Exploratory and confirmatory neurocognitive modeling with latent variables
| Agency | National Science Foundation |
| Panel | Methods, Measurement, and Statistics |
| Location | University of California, Irvine |
| Start date | June 2021 |
| End date | May 2025 |
| Budget | $ 349,551.00 |
| Agency code | 2051186 |
| Lead | Joachim Vandekerckhove |
| Other | Ramesh Srinivasan |
| Project text | pn-2051186.pdf |
Abstract
This research project will improve methods for analyzing brain and behavior measurements. Existing methods for combining multiple sources of brain data are limited. They cannot take advantage of the joint measurement of different kinds of brain activity to predict behavior. This project will combine multiple recent developments in mathematical psychology and cognitive neuroscience to arrive at a powerful new data analysis method that can process many sources of data at once. The methods to be developed will identify the shared and unique contributions of brain regions to behavior and can be used to discover new functions of brain regions. Broader use of these methods also will facilitate theory-building in cognitive (neuro)science. The project will involve early-career scientists who will receive training in neuroscience or cognitive science. The investigators will document their modeling techniques as part of a series of publicly available video lectures. The project also will develop a large code base and user-friendly software, thus contributing to the global research and education infrastructure.

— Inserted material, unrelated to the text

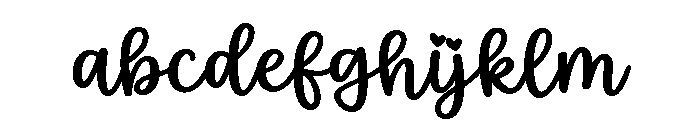 White Lily Semi Expanded FONT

This project will combine recent developments in mathematical psychology (Bayesian latent variable modeling with cognitive models) and cognitive neuroscience (modeling of neurocognitive relationships) to develop new methods for analyzing brain data. Current approaches to brain-data analysis emphasize looking for separate relationships between individual physiological measures and behavior. Direct analysis of the relationship between different types of physiological measures usually does not involve behavioral data. Identification of the processes that give rise to patterns in different measures is carried out without direct links to behavior. However, multiple neuroimaging techniques can provide common underlying information that informs cognitive models of human behavior as well as the physical location of the ongoing processes. For instance, both fMRI and EEG are driven, at least in part, by the same underlying neural processes. At the same time, each technique also contains unique information, so that some cognitive processes underlying human behavior can potentially only be informed by specific techniques or combinations thereof. This project will make it possible to translate such theories about these complex relationships into principled statistical models whose predictions and assumptions can be put to the empirical test. The new methods will be applied to archival data sets, thus contributing to generalizable knowledge in a way that is cost-effective and ethical.